We thought it might be controversial, but no one has batted an eyelid. Cash, for post-millennial students, is like the VHS cassette: it’s something your grandparents talk about. If you pass a bag round at the collection, they don’t feel guilty, they just look bemused. Even the contactless card is behind them now, as they switch to smartphone payments. I suspect that some of the neuroscience students are earning money in semi-legal experiments, with “near field communication chips” implanted in their hands, so they can pay by waving at the console.
***
I’m just back from Lisbon, where two of our students got married. They met when they arrived at Newman House three years ago, and it’s a lovely reminder that a secondary function of every university chaplaincy is to act as a Catholic dating agency. We’ve had about a dozen marriages or engagement announcements this year, as well as vocations to the Sisters of Nazareth, the Dominican friars, and the Carthusian monastery of La Valsainte in Switzerland.
There are some rites of passage you simply have to go through in Lisbon, even if you are trying not to be a tourist.
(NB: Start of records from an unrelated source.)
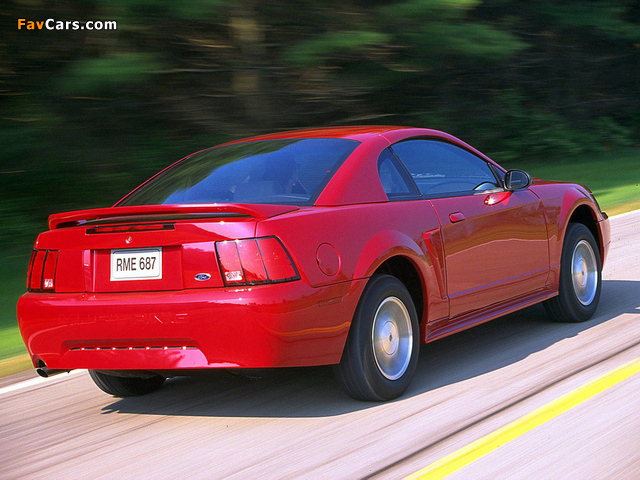 Mustang GT Coupe 1998–2004 photos (640 x 480)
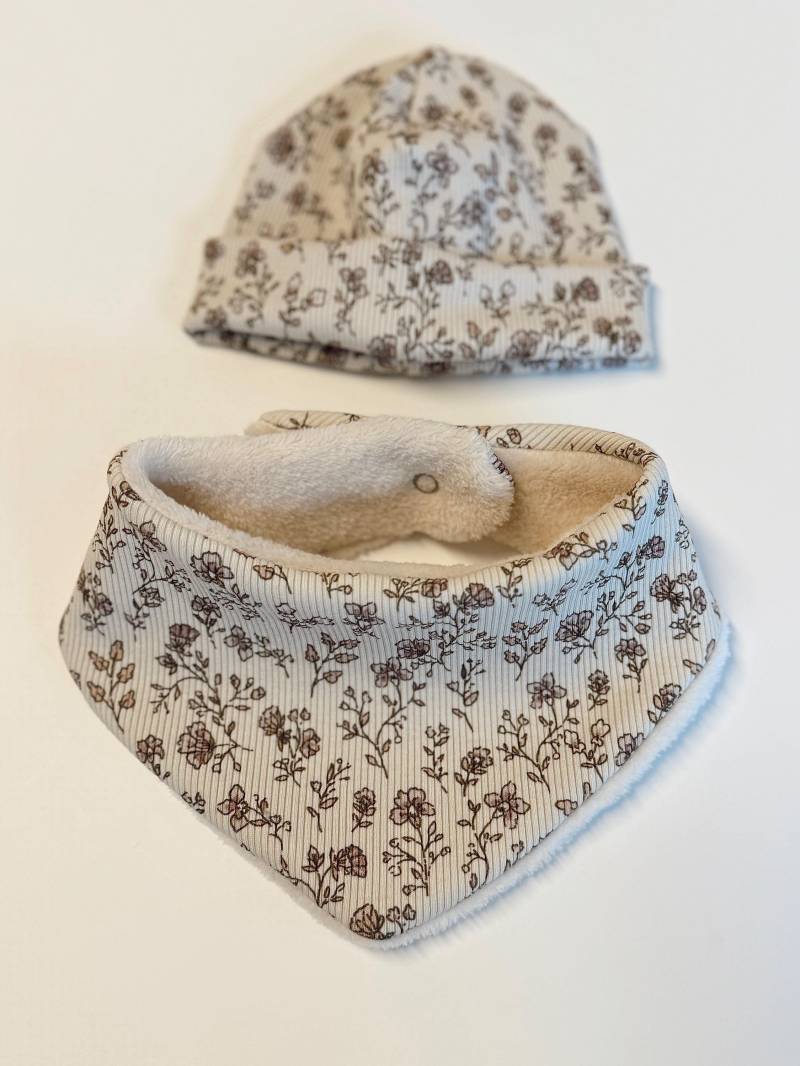 Baby Dreieckstuch | Kinder Lätzchen Halstuch Mit Bio Fleece Für Den Winter Rippenjersey Blumen Druckknöpfe Baby Dreieckstuch | Kinder Lätzchen Halstuch Mit Bio Fleece Für Den Winter Rippenjersey Blumen Druckknöpfe von bellanovagermany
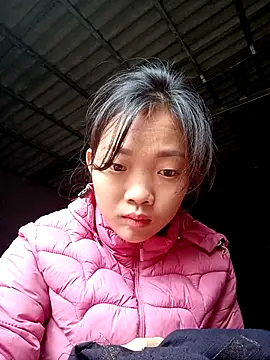 Snapshot of Ananine chatting on 11-19-25, 01:27 Ananine online show from 11-19-25, 01:27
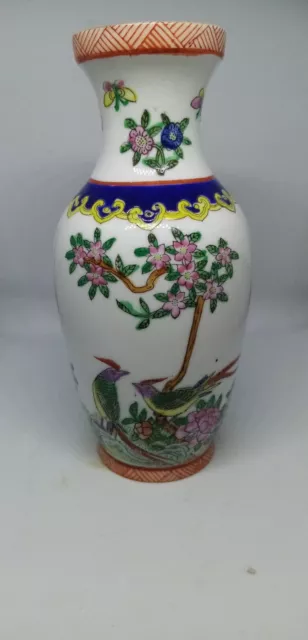 Vase Chinois En Porcelaine Fine Peinte A La Main.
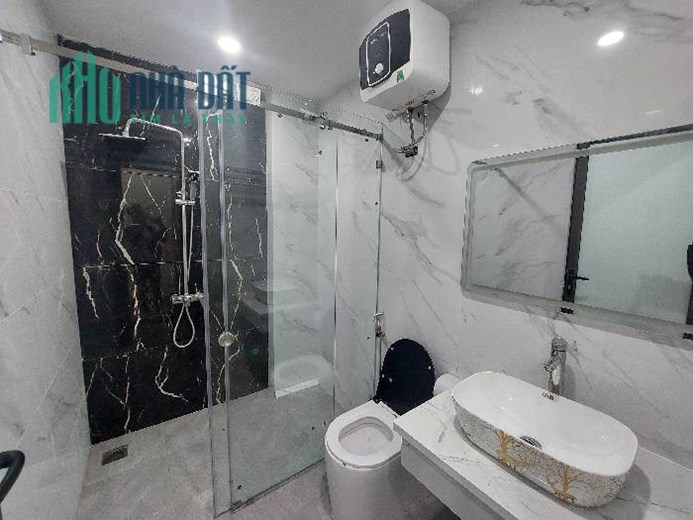 Nhà Đẹp Tây Sơn – Ngõ Nông – Có Chỗ Để Xe - 42m2 4.6Tỷ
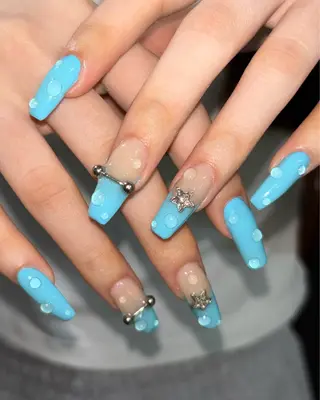 ネイル 🪐富島彩夏 /海外nail🪐のネイルデザイン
There is no alternative, for example, to using the yellow trams if you want to traverse the 17 impossibly steep hills that lie between you and the restaurant featured on TripAdvisor. And there is almost a moral obligation to eat a pastel de nata in the Belém district. Now I like a good custard tart as much as the next person, but this is clearly a triumph of branding over content. Would the Café de Nata in South Kensington still be in business if it were more honestly called the Custard Tart Café? It would be like tourists from Paris and Beijing queuing round the block for a sausage roll from Greggs the Bakers. Come to think of it, Greggs has been busy re-branding itself as the home of Great British Cuisine.
There’s a Greggs in Holborn, just round the corner from John Henry Newman’s childhood home. I imagine him sneaking there after school for a can of Coke and a Katsu Chicken Bake. There’s a memorial plaque on the wall of 17 Southampton Place where the family lived before his father’s bank went bust.
We are delighted that our patron saint is being canonised this October. You will be welcome to visit our exhibition on his life and faith (October 11 to 19; 10am to 4.30pm; closed Sunday; at 111 Gower Street, London). There are a few student centres dedicated to Cardinal Newman in this country, but in North America the generic term for a university chaplaincy is a “Newman Centre”, so they all bear his name.
Why is he such a fitting patron? For me, it’s not just that he worked so successfully in a university (Oxford), or founded one (in Dublin); it’s that he struggled so much as a student himself. He was crushed with anxiety as he prepared for his undergraduate exams, and scraped through with a result that was considered a humiliating failure. The temptation to despair must have been huge.
I present Newman to the young people here as a fellow student who understands the pressures they are going through.
And then, having done the compassionate stuff, I tell them to pull their socks up and go out and change the world, like he did; and remember to become a saint in the process.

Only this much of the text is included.